「科学する心」を読んで

「科学についての自分の考えを整理し、抽象と具象の中間を行く思索を試みる」という著者の幅広い内容をカバーする科学エッセーです。進化論、分類学、無限と永遠、原子力、日常の科学、AI、古生物、など、全12のテーマについて、著者ならではの視点で思索が進んでいく、上質な科学エッセーで、読んでいるうちに著者の考えに巻き込まれて、自分も、自然と考えを促される、という、非常に面白い内容でした。この「巻き込まれる」というところが、文学的な語り口の面白いところだな、と感じました。
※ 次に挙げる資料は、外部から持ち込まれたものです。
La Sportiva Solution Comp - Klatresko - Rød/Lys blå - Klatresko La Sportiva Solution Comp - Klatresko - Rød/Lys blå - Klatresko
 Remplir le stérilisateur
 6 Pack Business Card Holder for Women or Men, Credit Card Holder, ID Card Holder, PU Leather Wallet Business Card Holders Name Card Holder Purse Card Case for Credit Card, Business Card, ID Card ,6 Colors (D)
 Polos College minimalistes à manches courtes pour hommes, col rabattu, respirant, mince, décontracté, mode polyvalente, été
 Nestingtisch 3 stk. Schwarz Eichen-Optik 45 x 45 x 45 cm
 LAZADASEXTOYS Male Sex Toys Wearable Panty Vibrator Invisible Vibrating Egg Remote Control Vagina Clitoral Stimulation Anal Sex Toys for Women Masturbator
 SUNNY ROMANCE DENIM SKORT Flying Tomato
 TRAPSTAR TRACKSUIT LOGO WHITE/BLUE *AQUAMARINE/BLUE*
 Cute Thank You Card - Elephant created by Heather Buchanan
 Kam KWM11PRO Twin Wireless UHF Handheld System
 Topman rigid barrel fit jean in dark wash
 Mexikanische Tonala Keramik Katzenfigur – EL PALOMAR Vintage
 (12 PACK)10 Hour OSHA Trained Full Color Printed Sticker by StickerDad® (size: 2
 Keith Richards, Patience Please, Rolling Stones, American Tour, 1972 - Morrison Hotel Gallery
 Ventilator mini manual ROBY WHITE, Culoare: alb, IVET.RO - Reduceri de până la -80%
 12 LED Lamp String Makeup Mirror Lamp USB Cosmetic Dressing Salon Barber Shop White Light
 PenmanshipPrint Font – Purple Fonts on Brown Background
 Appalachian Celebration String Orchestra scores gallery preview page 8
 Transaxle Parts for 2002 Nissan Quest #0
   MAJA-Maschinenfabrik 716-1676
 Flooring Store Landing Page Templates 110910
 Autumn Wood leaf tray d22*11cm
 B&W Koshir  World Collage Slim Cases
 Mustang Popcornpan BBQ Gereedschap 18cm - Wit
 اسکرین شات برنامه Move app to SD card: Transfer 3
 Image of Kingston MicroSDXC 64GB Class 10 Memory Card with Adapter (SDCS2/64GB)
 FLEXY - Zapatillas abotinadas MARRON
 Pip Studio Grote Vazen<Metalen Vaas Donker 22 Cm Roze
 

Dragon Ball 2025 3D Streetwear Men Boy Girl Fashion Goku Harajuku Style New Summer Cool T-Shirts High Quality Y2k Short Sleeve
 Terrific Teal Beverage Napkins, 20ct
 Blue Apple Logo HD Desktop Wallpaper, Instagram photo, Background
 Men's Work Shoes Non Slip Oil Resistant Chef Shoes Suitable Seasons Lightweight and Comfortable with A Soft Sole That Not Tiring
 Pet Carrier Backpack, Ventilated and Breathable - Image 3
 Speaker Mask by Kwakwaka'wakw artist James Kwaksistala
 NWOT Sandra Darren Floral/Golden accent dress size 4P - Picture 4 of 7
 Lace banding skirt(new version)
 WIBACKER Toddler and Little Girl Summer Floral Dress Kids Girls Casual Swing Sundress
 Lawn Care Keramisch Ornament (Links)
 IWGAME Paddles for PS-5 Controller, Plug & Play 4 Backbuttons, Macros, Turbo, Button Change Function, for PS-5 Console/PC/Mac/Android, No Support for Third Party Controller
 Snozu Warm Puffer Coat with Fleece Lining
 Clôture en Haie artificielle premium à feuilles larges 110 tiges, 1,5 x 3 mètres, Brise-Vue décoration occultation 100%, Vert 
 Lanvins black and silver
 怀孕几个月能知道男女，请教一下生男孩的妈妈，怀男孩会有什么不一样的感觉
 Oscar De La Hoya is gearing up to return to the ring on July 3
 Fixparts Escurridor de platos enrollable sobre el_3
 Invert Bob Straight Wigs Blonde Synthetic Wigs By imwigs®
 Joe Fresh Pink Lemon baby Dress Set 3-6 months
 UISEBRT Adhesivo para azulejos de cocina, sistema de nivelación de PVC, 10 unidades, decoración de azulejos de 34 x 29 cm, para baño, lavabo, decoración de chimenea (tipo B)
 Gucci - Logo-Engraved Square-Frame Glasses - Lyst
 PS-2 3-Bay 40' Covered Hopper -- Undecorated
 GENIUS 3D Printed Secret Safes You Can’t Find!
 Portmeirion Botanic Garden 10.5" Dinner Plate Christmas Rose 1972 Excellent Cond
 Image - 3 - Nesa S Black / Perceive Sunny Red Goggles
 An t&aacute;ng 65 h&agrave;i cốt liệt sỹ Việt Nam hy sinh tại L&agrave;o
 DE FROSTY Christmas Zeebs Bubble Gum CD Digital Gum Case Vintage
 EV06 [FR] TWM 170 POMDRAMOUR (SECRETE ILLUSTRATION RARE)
自分の知っている内容をなぞりながら、ある瞬間に、ポッと飛び出し、また、元のところに戻り、と、振り回される中で、自然と自分も巻き込まれていく、という読書体験でした。

身近なテーマや話題のテーマ、といった誰もが知っていそうな内容を取り上げつつ、そこから著者の考察の進んでいく、というところで、ふと、「こんなものも関わってくるよ」という話題の転換であったり、実体験の語り出会ったり、科学をこんなに文学的に語ることができるんだな、と、とても興味深い内容でした。

あまりに面白くて、一回読んだ後に、またすぐに読み直してしまいました。